Published: Sunday, Sept. 13 2009 12:00 a.m. MDT

NEW YORK — Just in time for an especially crowded fall, business seems to be picking up for books.

Or at least declining less.

"I feel most people are cautiously optimistic, now that we seemed to have turned a corner," says Simon & Schuster Inc. chief executive officer Carolyn Reidy, who says the past two months have improved noticeably over a rough first half of 2009. "It's not that we're back to the extremely strong sales of more than a year ago, but we're trending upward. After taking our expectations down for so long, we're finally taking them up."

"Cautious optimism, that's the right phrase," says Jonathan Burnham, publisher of the Harper imprint of HarperCollins, which had an especially poor second quarter of 2009. "One never knows when we're completely out of the woods, but there's a sense of gradual upward progress."
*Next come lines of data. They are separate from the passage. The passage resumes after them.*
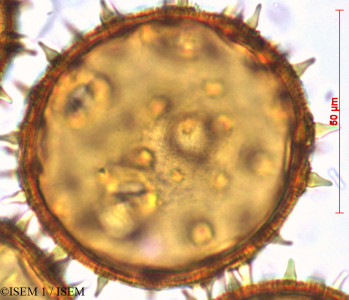 Lagunaria patersonii - lame n° 29372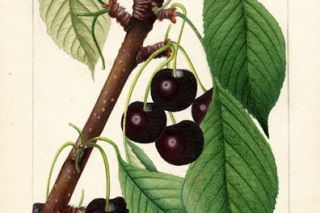 Image: USDA##A watercolor image of the Black Republican cultivar of cherries, created by William Henry Prestele in 1892 from a specimen in Newberg.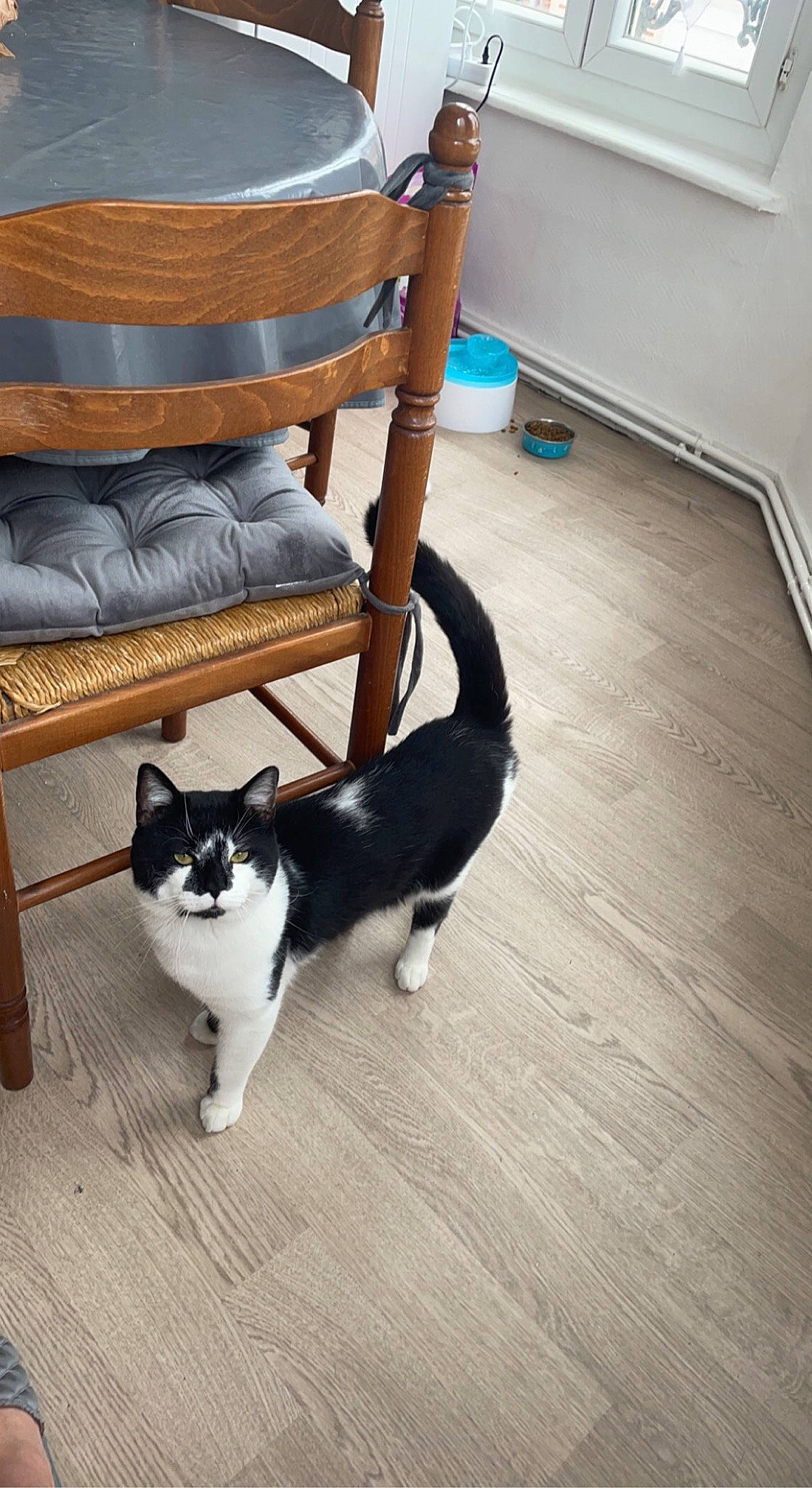 Snow participe au concours pour gagner de l'argent avec cette photo : carnivore, cat, cat_supply, comfort, domestic_short_haired_cat, felidae, floor, flooring, fur, grey, hardwood, laminate_flooring, sitting, small_to_medium_sized_cats, tail, varnish, whiskers, wood, wood_flooring, wood_stain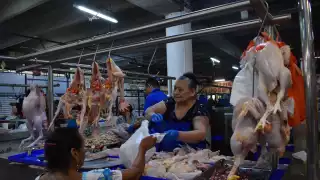 Alistan la venta de pavo navideño en mercados de Mérida: sube demanda y podría aumentar el precio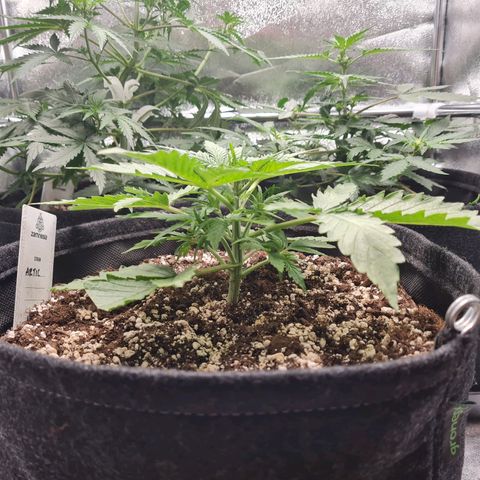 Chungus Medik growlog timeline photo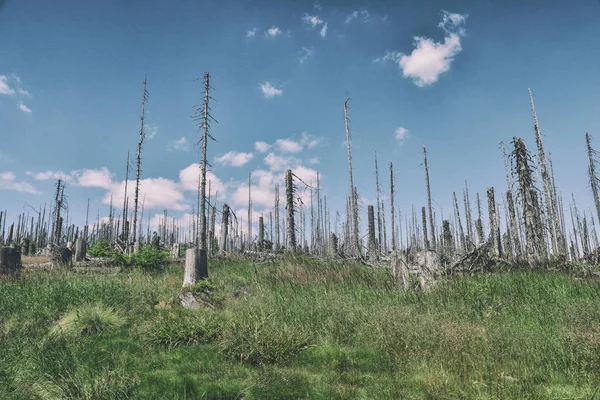 Halál Erdő Sumava Nemzeti Park Cseh Köztársaság — Stock Fotó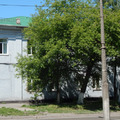 Фото Подразделение №2 ГП №1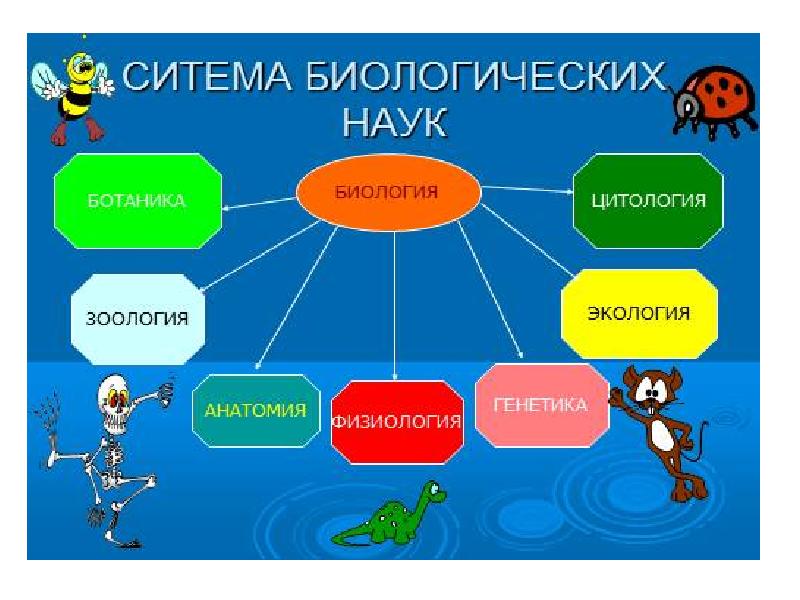 Методы изучения биологии презентация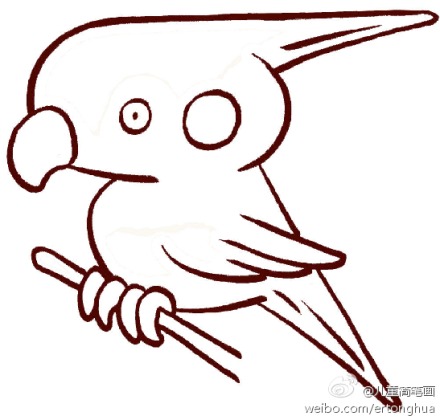 小鹦鹉的画法,鹦鹉简笔画步骤教程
The Association of American Publishers, which had been reporting declines for much of the year, finally had some good news last week, announcing a 21.5 percent sales increase for June. Barnes & Noble Inc., which has been hurt by online competition and discount stores, reported a 5 percent revenue drop for the three months ending Aug. 1 but expects a smaller decline in the fall.

After months when Stephenie Meyer appeared to be the only author anyone wanted to read, publishers and booksellers have noted new hits such as Thomas Pynchon's "Inherent Vice," Richard Russo's "That Old Cape Magic" and Pat Conroy's "South of Broad."

"We were down 20 percent this summer, which I used to think of as horrible. But we were down 35 percent in the spring," Barry Leibman, co-owner of Left Bank Books in St. Louis, says. "It's a bumpy road, but I am having a little more sense of confidence."

"It's still quite a difficult marketplace … but there's clearly a little bit more enthusiasm," John Sargent, CEO of Macmillan, says. "In the first six months, you basically had just the Stephenie Meyer books and a few others working. Now what you're seeing is a broader spectrum working better."

If the fall is a bust, Sargent says, blame it on the economy. It would be hard to blame the industry for failing to offer anything to buy.

Dan Brown's "The Lost Symbol," his first novel since "The Da Vinci Code," is just the start. New fiction is due from Richard Powers, Alice Munro, E.L. Doctorow, Diane Gabaldon, Stephen King, John Grisham, Audrey Niffenegger, Jonathan Lethem and Lorrie Moore.